Now in its 39th year, the National Blue Ribbon Schools award affirms “the hard work of educators, families and communities in creating safe and welcoming schools where students master challenging and engaging content,” the Department of Education said.
Deer disease outbreak identified in Crook County
SUNDANCE — An outbreak of epizootic hemorrhagic disease (EHD) in white-tailed deer and pronghorn has seen cases identified across the east of Wyoming, including in Crook County.
The Wyoming Game & Fish Department last week announced that it was actively tracking the outbreak of EHD, which is confirmed in the Arvada area as well as near Douglas, Laramie and Cheyenne.
The disease was confirmed in Crook County near Moorcroft on September 6.
EHD is not unusual in Wyoming; in fact, wildlife managers say they see it in big game every year.
However, 2021 could be one of those years when the disease has a bigger impact.
“This year seems worse, but we are just at the beginning of the outbreak,” said Hank Edwards, Wildlife Health Laboratory supervisor, in a press release. “Monitoring will be important to chart the impacts.”
EHD is often seen during drought and hot weather, especially if wildlife congregate around small water holes containing the midge that carries the disease. Transmission occurs when a host animal with the virus is bitten by a midge.
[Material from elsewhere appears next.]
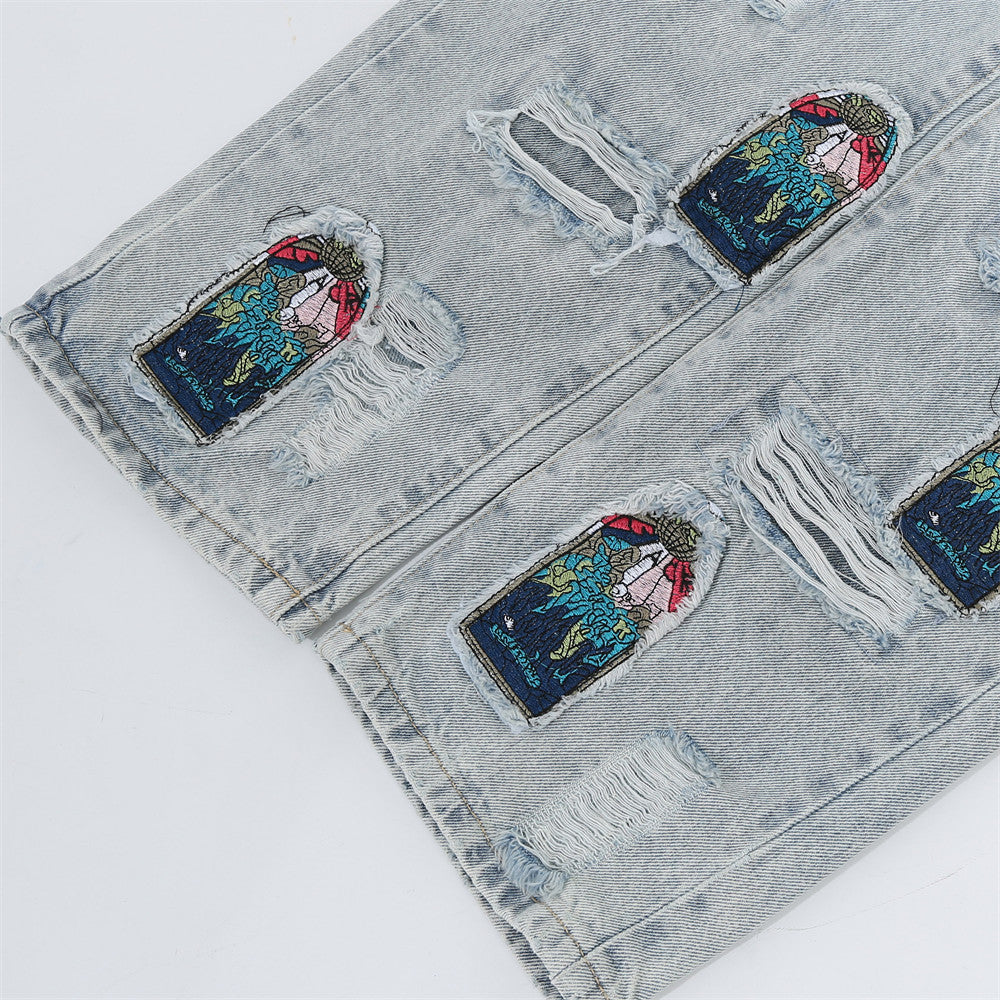 Men Jeans Embroidery Ripped Special Loose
The disease is not always fatal.
The number of cases is expected to grow – although not in a uniform manner across the state – until the first hard frost, which will kill off the midge populations.
Game & Fish reassures hunters that they should not be concerned about contracting EHD or passing it to their pets.
However, if the disease spreads to the point where it could have a substantial impact on wildlife, this may curtail hunting seasons.
Population decline to impact Greybull financially
GREYBULL— The town of Greybull stands to lose a good portion of its state funding as a result of the population loss that was discovered in the 2020 United States census.
A deeper dive into the U.S. Census Bureau data released last month shows five of the county's eight municipalities losing population between 2010 and 2020.
Greybull was among those that lost the most, falling 10.6 percent to 1,651 from a 2010 figure of 1,847. No community in the county lost more people in the eyes of the U.S. Census Bureau — although Manderson, at 22.8 percent, and Deaver, at 13.5 percent, experienced greater percentage losses.
Paul Thur, until recently the town administrator/finance director, said it's too soon to tell how much money the town will lose in direct distribution from the state. Last fiscal year, it received $277,178.76.
Direct distribution, he explained, is essentially a town's "allowance" from the state. It's based in part on population counts. It's not the only funding the town receives from the state — revenue is also generated by sales and cigarette taxes, for instance — but it's still a nice sized chunk of it, according to Thur.
The other Big Horn County municipalities that lost population between 2010 and 2020 were Lovell, down 117 or 5 percent from 2,360 to 2,243, and Byron, down 31 or 5.2 percent from 593 to 562.
Cowley led the population gainers in the last decade, growing by 107 people, 16.3 percent, from 655 to 762. Burlington grew by 26 people, 9 percent, from 288 to 314. Basin grew by 3 people, 0.2 percent, from 1,285 to 1,288.
Wyoming grew by just 2.3 percent from 563,626 to 576,851.
The nine counties showing growth were Albany, Campbell, Crook, Laramie, Lincoln, Natrona, Park, Sheridan and Teton.